I did a craft show at a small town high school 20 miles away from me this past Saturday.  The biggest reason I did this show was because it put me close to alot of family giving them a chance to see what I do.  This show started out slow, very slow.  It started to pick up a little and then this Christmas shopping lady stopped by my booth and said "Wow, you by far have the best product that I would like to give as gifts."  When she checked out she had purchaced 8 bottles of beer shampoo (my last 8), 8 beer soap bars, 7 scented soap bars, and 15 shampoo bars.  This is my largest single retail sale.  Sales picked up after she left as well.  It turned out to be a nice day and I did get to see some family as well.

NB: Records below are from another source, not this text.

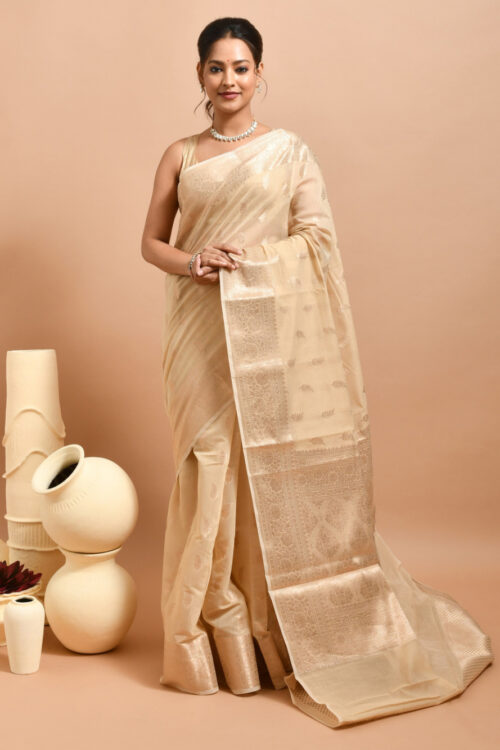 Off-White Leaf Design Banaras Cotton Silk Saree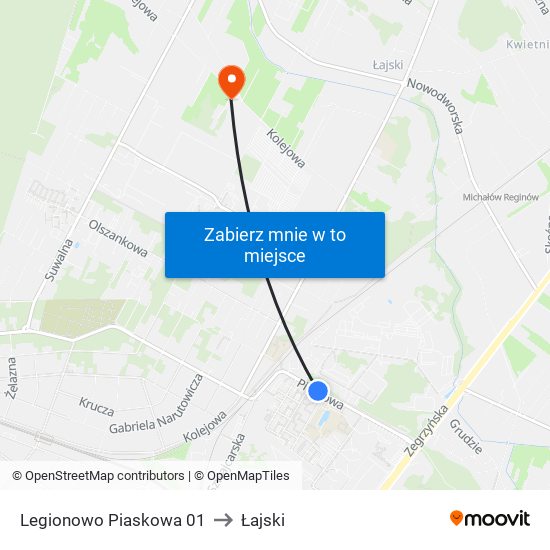 Legionowo Piaskowa 01 to Łajski map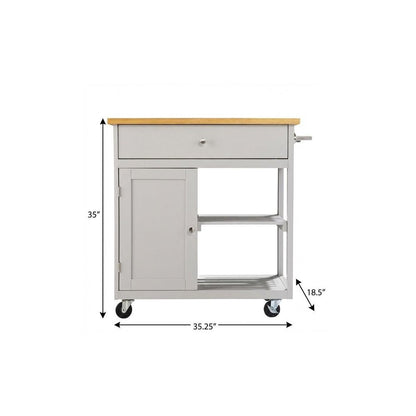 Gray and Natural 35" Rolling Kitchen Island With Storage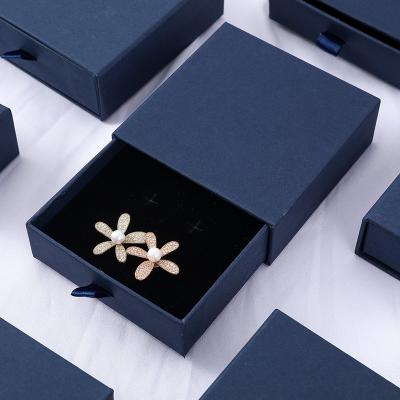 China Portable Custom Small Drawer Jewelry Boxes Blue Cardboard Paper Jewelery Gift Boxes With Logo Printed Drawer Box for sale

Next weekend I will travel to D.C.  My daughter will be getting married.  She is a real egg head and is going to marry the same kind of egg head as well.  They are perfect for each other.

Bruce


----------



## Bnky (Sep 28, 2009)

Wow...nice sale!  Sounds like it turned out well, Congratulations!


----------



## heyjude (Sep 28, 2009)

Congratulations Bruce! What a great day for you.

And I hope that your daughter's wedding is just perfect! Have a ball!   

Jude


----------



## Guest (Sep 28, 2009)

Isn't that awesome , you never really know do you , until the show is over , what might happen.

Congratulations to your daughter and your family . I hope you have a wonderful time at the wedding .


Kitn


----------



## ChrissyB (Oct 1, 2009)

Good job on the sales! I bet that lady comes back time and time again!
What do you mean by Egghead?


----------



## Bigmoose (Oct 1, 2009)

ChrissyB said:
			
		

> What do you mean by Egghead?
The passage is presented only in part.